── Extracted records ──

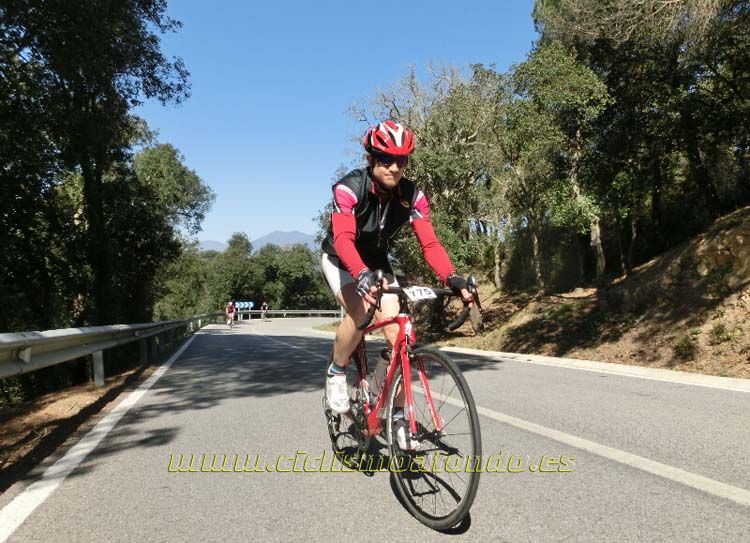 Ports Maresme 2014-1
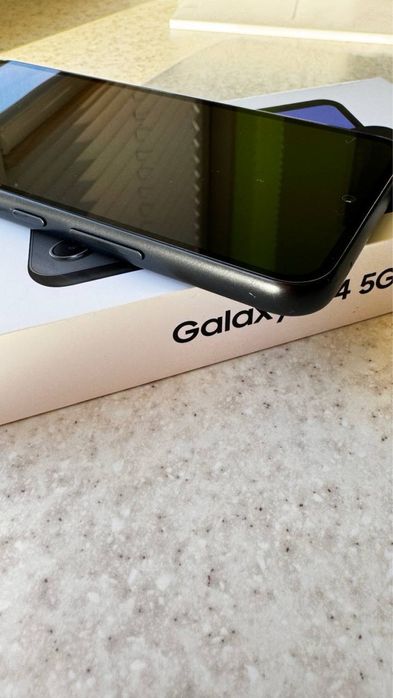 Samsung Galaxy A54 | 128/6 Gb | б/у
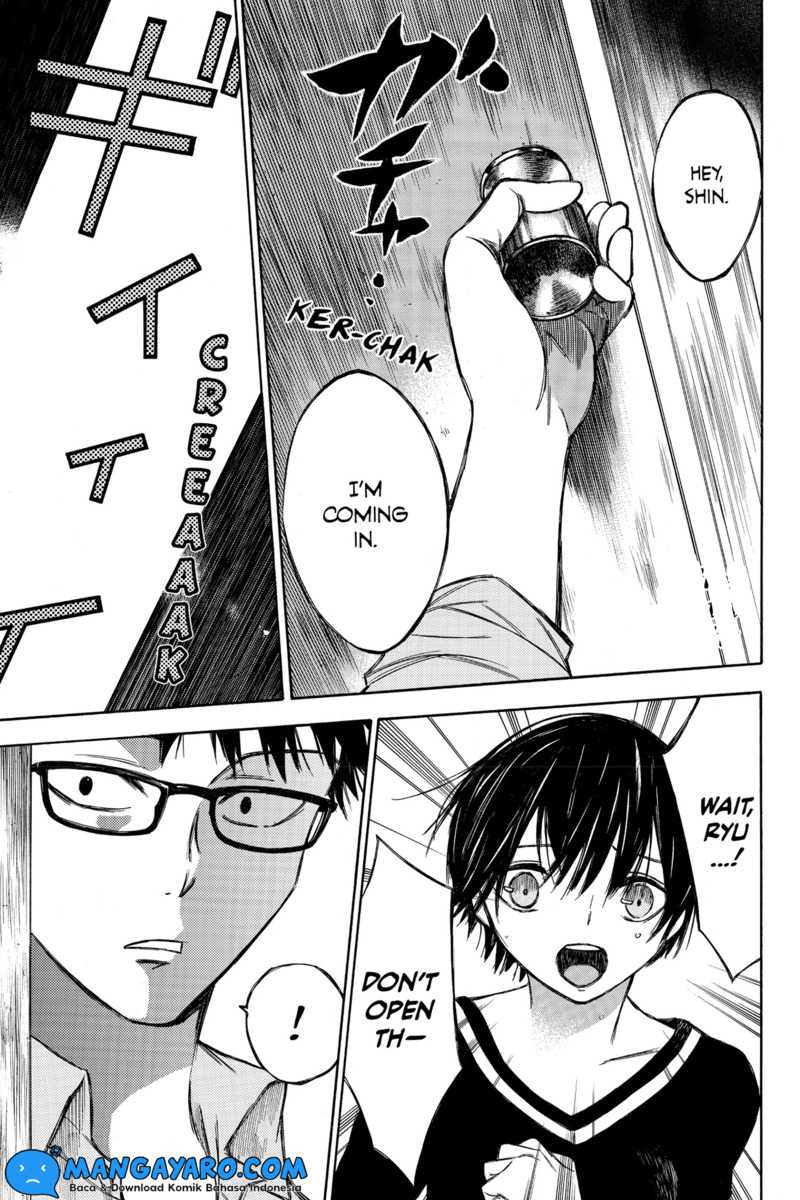 Chapter 59 - halaman 4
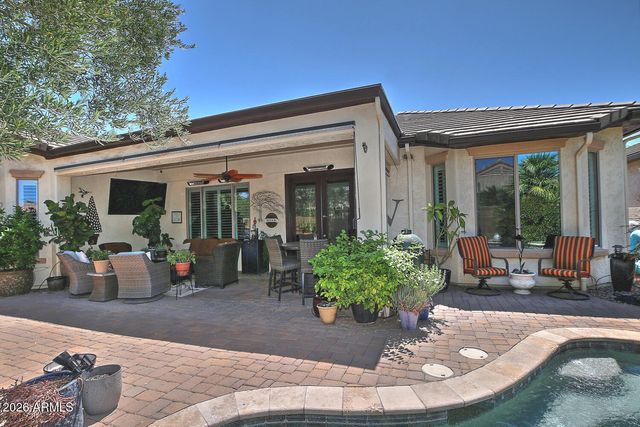 7780 W YORKTOWN Way, Florence, AZ 85132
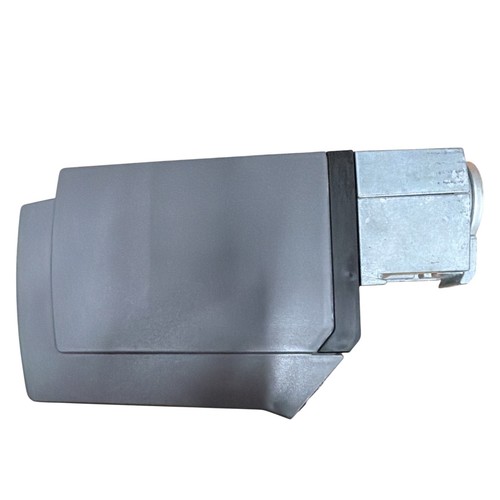 Kathrein uas 585 quad lnb - uas,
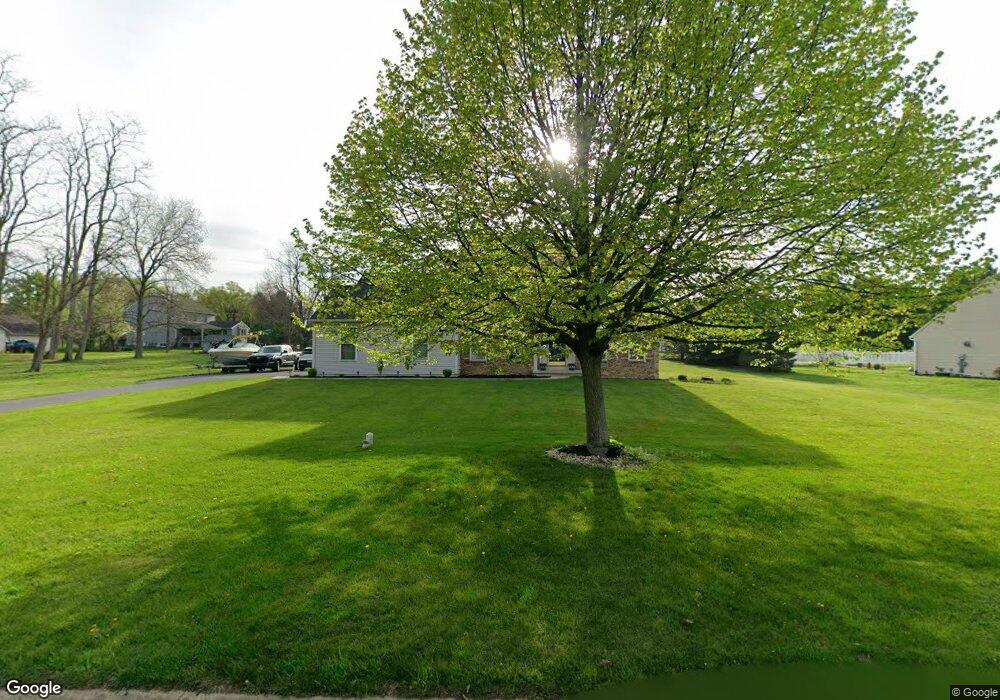 12 Diane Dr, Honey Brook, PA 19344 - photo 1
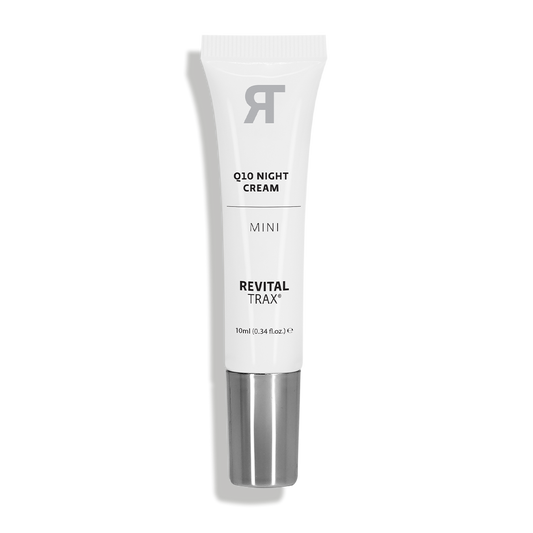 Mini - Q10 Night Cream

───

## Task to carry out
Return the material from above in full, exactly as written, with the pictures omitted.

## Exercise response
 Ports Maresme 2014-1
 Samsung Galaxy A54 | 128/6 Gb | б/у
 Chapter 59 - halaman 4
 7780 W YORKTOWN Way, Florence, AZ 85132
 Kathrein uas 585 quad lnb - uas,
 12 Diane Dr, Honey Brook, PA 19344 - photo 1
 Mini - Q10 Night Cream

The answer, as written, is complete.